This is why the New Testament, over and over again, holds up motherhood as such a high calling. It was for this reason that a Christian widow was to be honored in 1 Timothy 5:10, if she has brought up children. Then, in verses 11 to 15, Paul counsels younger widows to remarry and to multiply (“to have children”), as a safeguard against temptation. And God’s way is always best, no matter how “politically incorrect” it may sound at times.

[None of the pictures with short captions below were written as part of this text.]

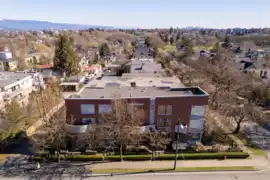 999 W 20th Avenue, Vancouver, BC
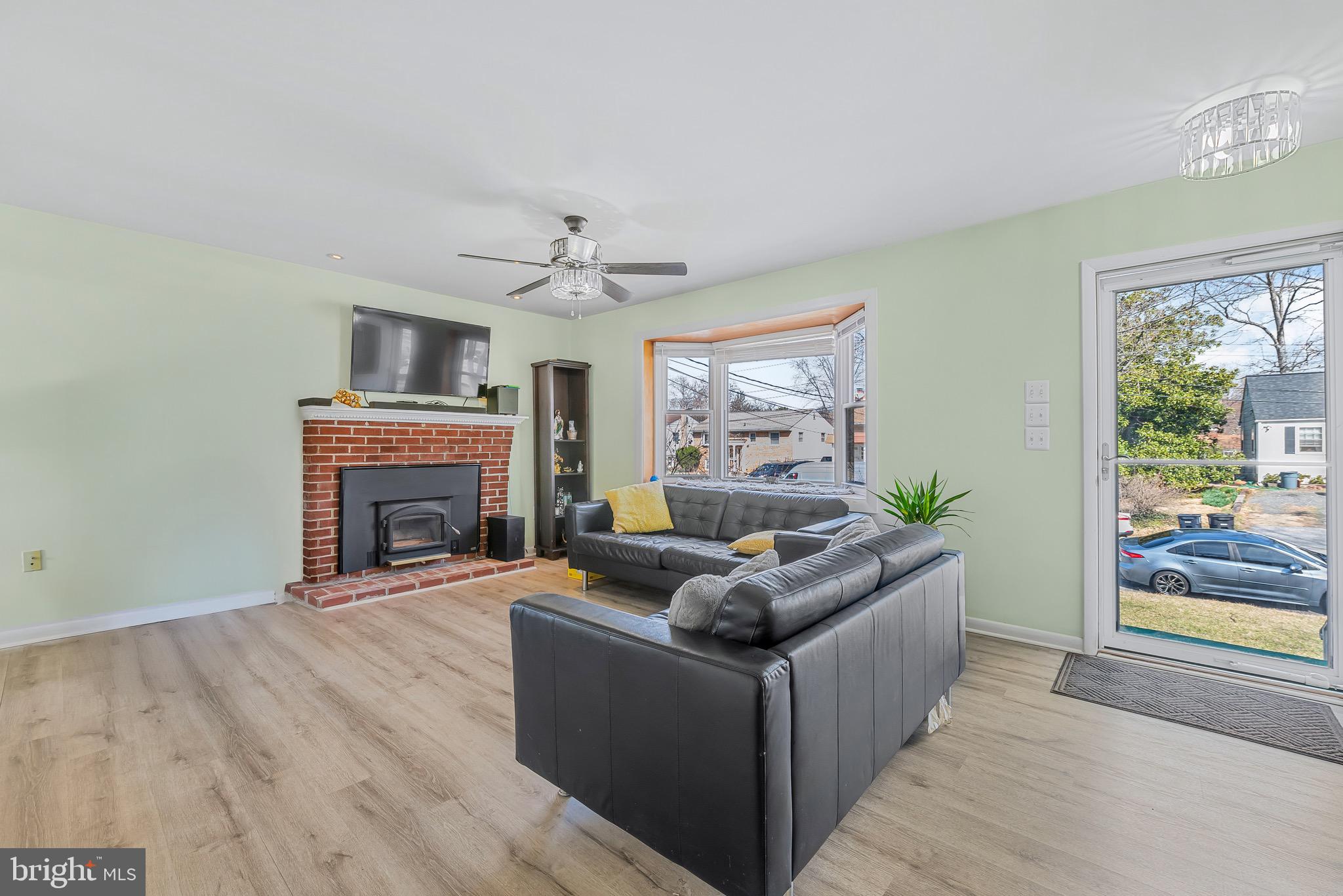 9115 7th Street Lanham, MD 20706 - Photo 3 of 32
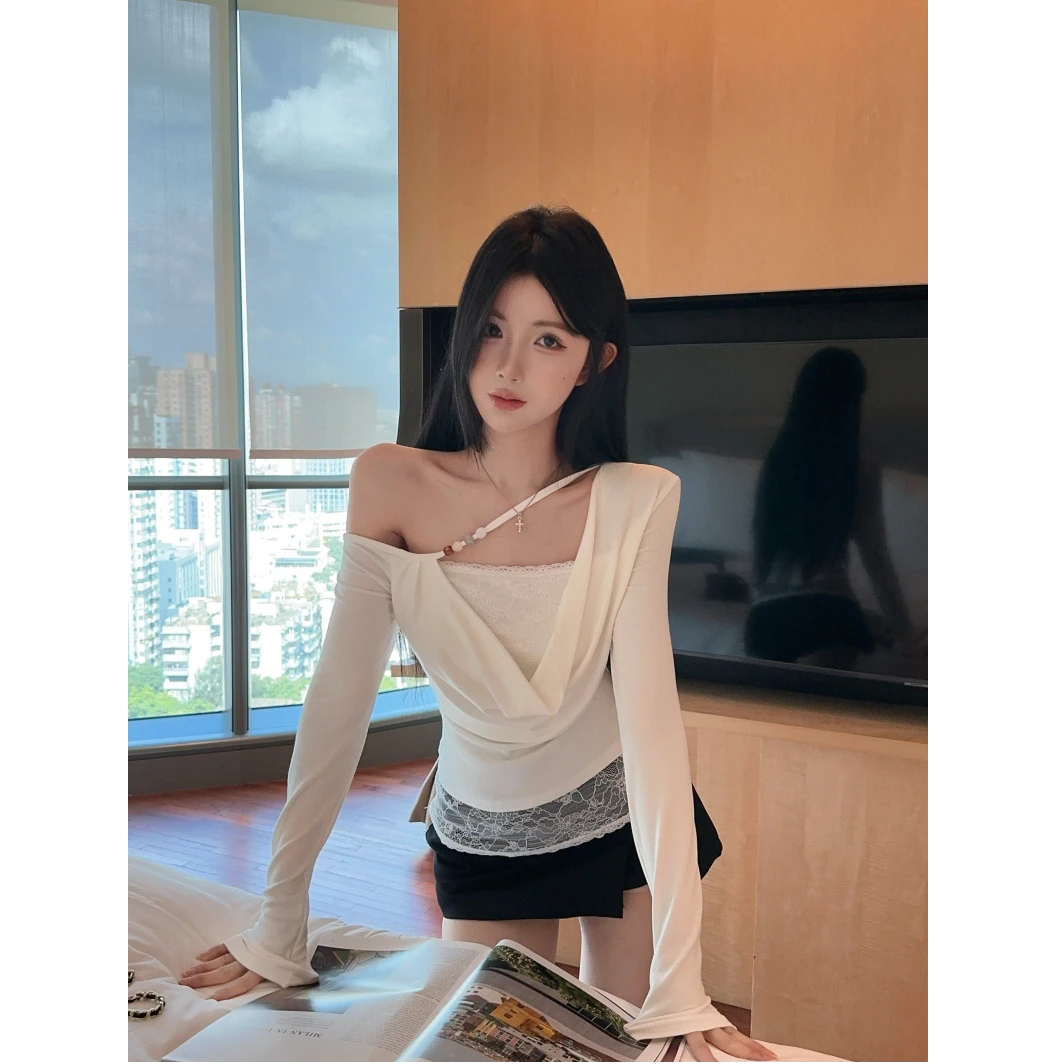 秋季新款设计感假两件露肩串珠荡领上衣百搭黑色半身裙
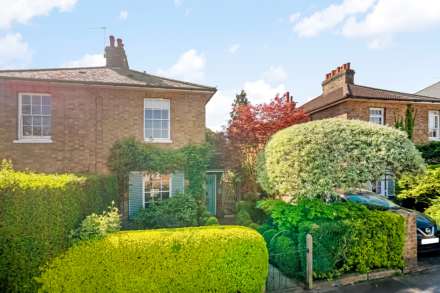 Chestnut Grove, New Malden, Image 15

Titus 2:4-5 says that the older women should teach the younger women to be godly homemakers who love their husbands and their children, for the purpose of advertising God’s Word to a watching world. I try to never ask a married woman (especially if I know she has kids), “Do you work?” How insulting. Rather, I try to say, “Do you work outside the home?” This question acknowledges that a homemaker also works a full-time job, and then some! I remind my wife often of her God-given high calling as a wife and mother. Through her devotion to that calling, God multiplies godly offspring. I don’t know where I would be today if my own mother had not been committed to these same priorities.

CLOSING CHALLENGE

So we’ve seen from the Old Testament that children are a great blessing, not just because they increased wealth in an agrarian society, but because they were a gift from God and the means by which the deliverer would come and the nations would be blessed. In the New Testament we have seen that God is still passionate about multiplying godly offspring in his world and that the role of mothers are central to this great cause.